Dextromethorphan is used as a cough suppressant. It is legal and found in numerous over-the-counter medications.
Taken in large doses, the drug causes a high similar to PCP, or angel dust, including hallucinations and at times can result in violent behavior.
A Washington mother whose 14-year-old daughter has abused the drug is seeking to make other parents and the community aware of the problem. (See related story.)
One of the more common medicines abused by younger teens is Coricidin-C, often called Triple C or “skittles,” because it comes in a small red pill.
Tollison said another medicine being abused is Robitussin, which also contains dextromethorphan. Teens mix it with soda or energy drinks.
“Sometimes they mix the two (Coricidin-C and Robitussin) together,” Tollison explained.
“Our school resource officers are being very proactive to the problem,” Washington Police Chief Ken Hahn said.
People must be 18 years old to buy medicines with dextromethorphan, but some stores don’t check IDs and in many cases, teens steal the product off the shelves.
However, Tollison said now store personnel are starting to crack down on the sales of those medicines and requiring IDs.
Back in February, St. Clair police responded to the high school to a report of two girls, 14 and 16, being under the influence of Coricidin-C, St. Clair Police Chief Bill Hammack said.
The girls were taken by ambulance to Mercy Hospital Washington for treatment and both recovered.

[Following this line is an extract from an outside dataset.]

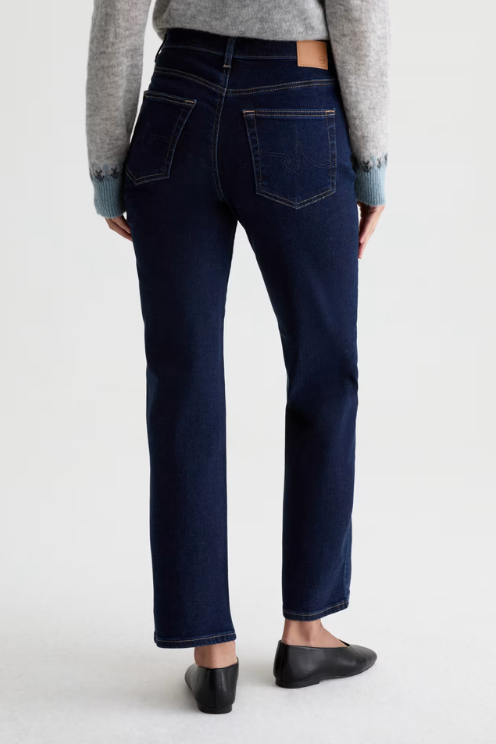 Brinley Mid-Rise Straight Jean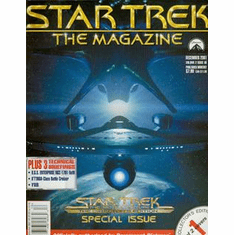 Star Trek The Magazine December 2001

Authorities learned that the girls had stolen the medicine from the Union Wal-Mart store.
Union police said they are aware of the drug but have not had any reports of abuse by local teens.
Detective Sgt. Jason Grellner, head of the Franklin County Narcotics Enforcement Unit, said his officers have not heard much about the problem, perhaps because local police are handling those, and the fact that those medicines are not illegal.
“We haven’t had a single call or complaint about it,” Grellner said.
He said in the past there was a push to move Coricidin-C off the shelves and behind the pharmacy counter because of the abuse.
But that move did not gain traction because dextromethorphan is “so prevalent” in lots of medications, he said.